▸ **PROMPT**: An exact copy of the records is needed; please leave the images out.

Captioned web image data
== Segment start ==

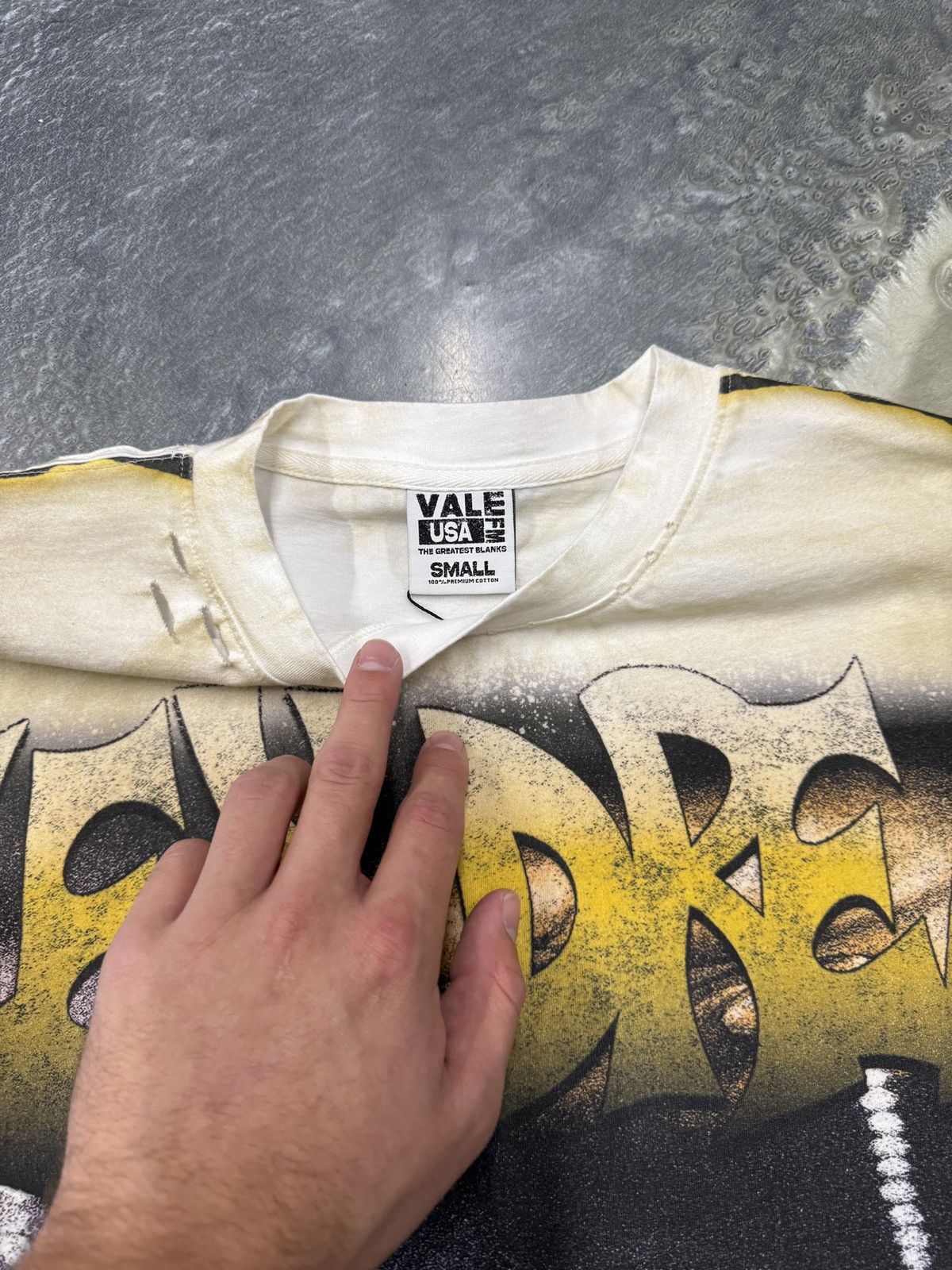 Vale Vale Forever Hands Of God Tee Size US S / EU 44-46 / 1 - 2 Thumbnail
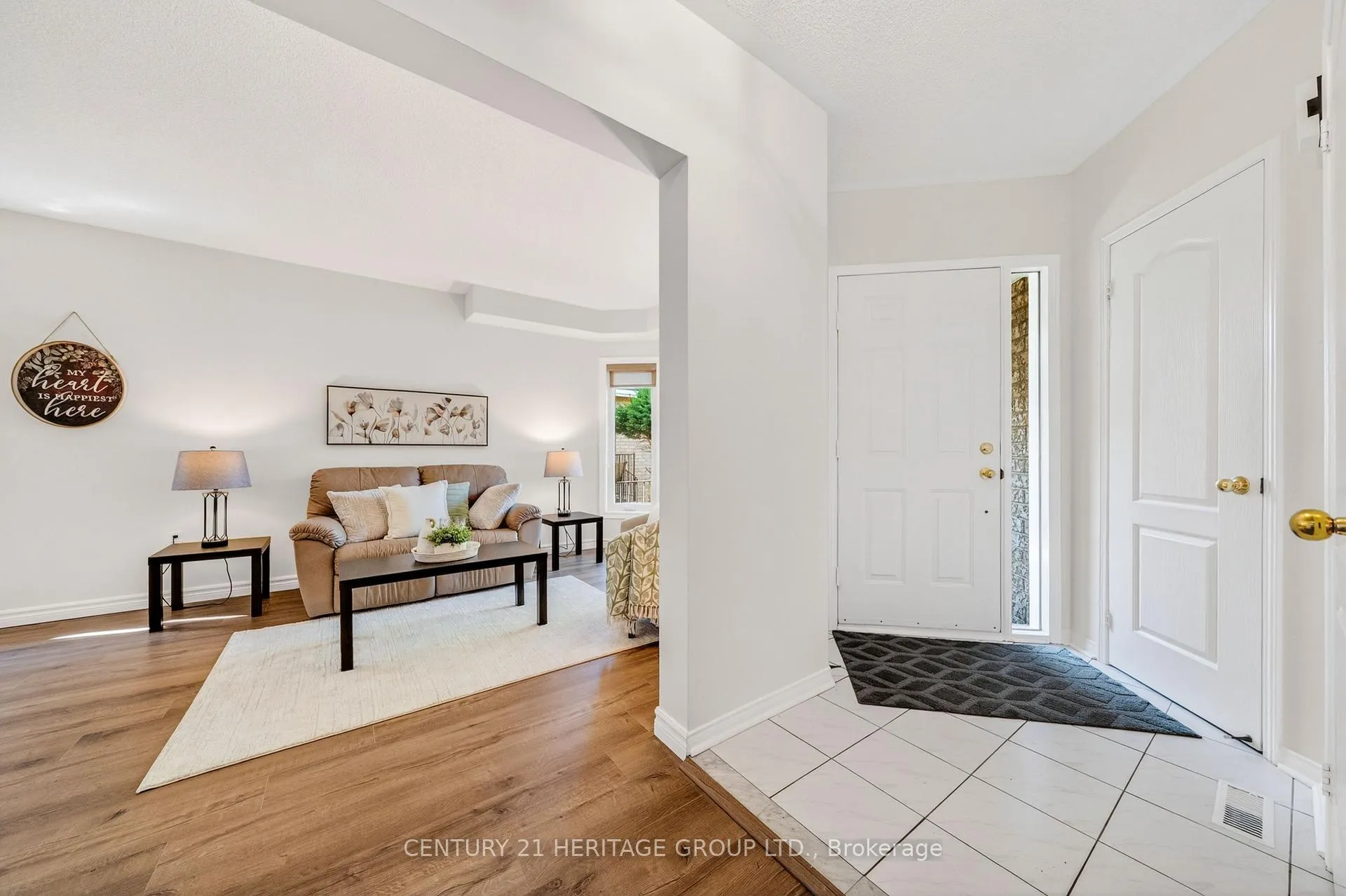 Photo 7 of 403 Bartholomew Drive, Newmarket, Summerhill Estates — HOMEH
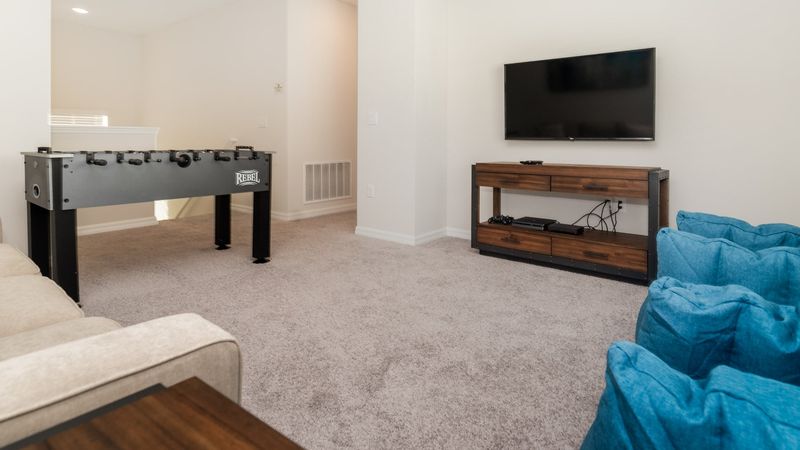 Loft Angle
50" Smart TV
PS4
Foosball
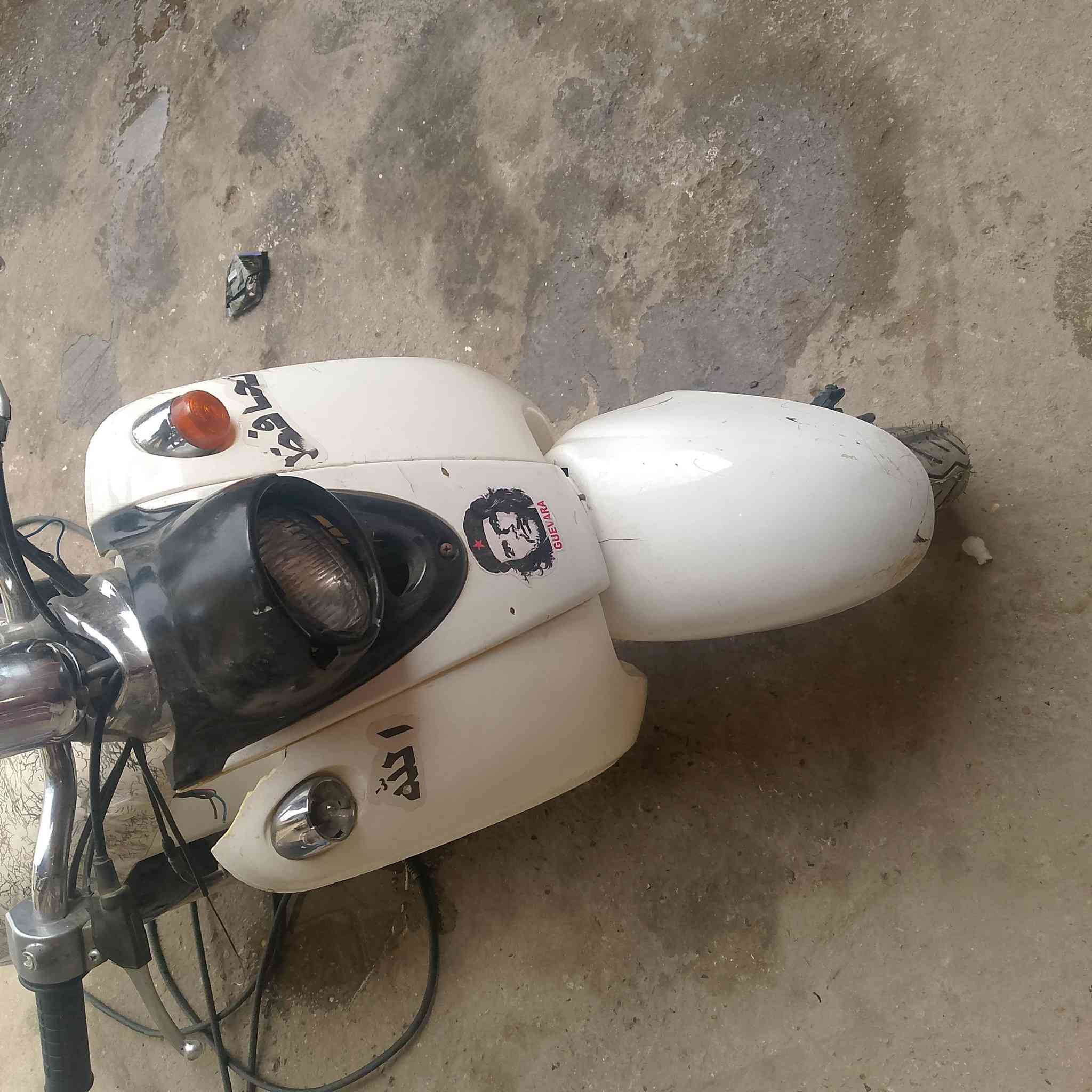 سلام عليكم دراجه للبيع *********** سعر 100 بيها مجال
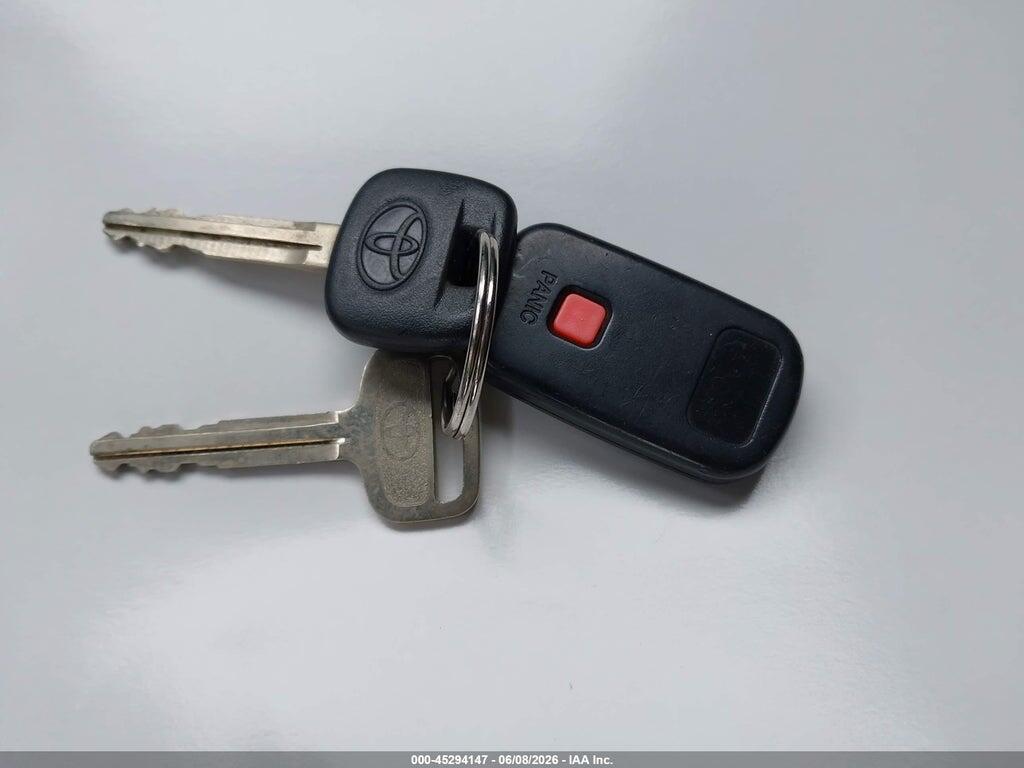 JTEBU11F170051583 2007 TOYOTA FJ CRUISER photo no. 11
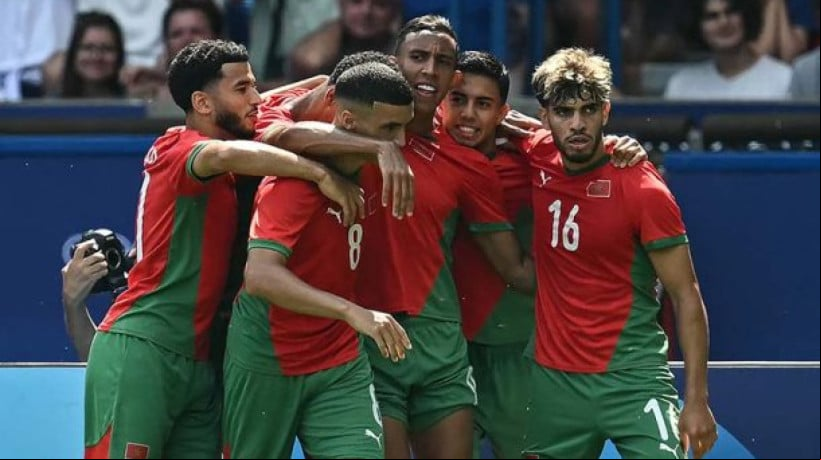 Triunfo por 4 a 0 no Parc des Princes coloca os marroquinos na próxima fase. Jeitão de medalha 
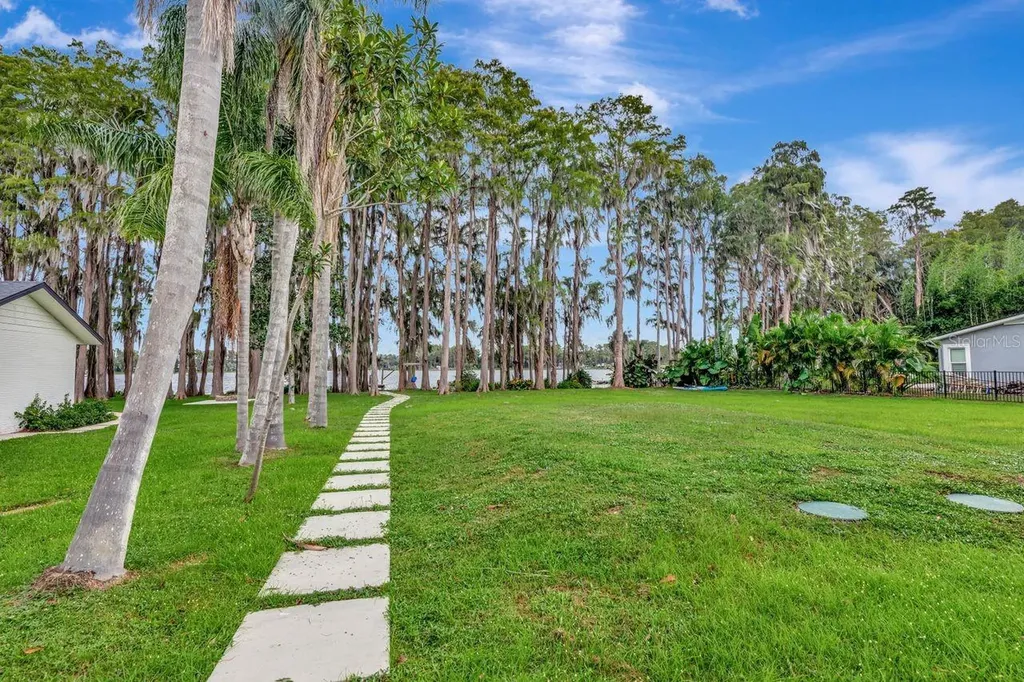 19207 Crooked Lane Lutz FL 33548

== Segment end ==

▸ **COMPLETED TASK**:
 Vale Vale Forever Hands Of God Tee Size US S / EU 44-46 / 1 - 2 Thumbnail
 Photo 7 of 403 Bartholomew Drive, Newmarket, Summerhill Estates — HOMEH
 Loft Angle
50" Smart TV
PS4
Foosball
 سلام عليكم دراجه للبيع *********** سعر 100 بيها مجال
 JTEBU11F170051583 2007 TOYOTA FJ CRUISER photo no. 11
 Triunfo por 4 a 0 no Parc des Princes coloca os marroquinos na próxima fase. Jeitão de medalha 
 19207 Crooked Lane Lutz FL 33548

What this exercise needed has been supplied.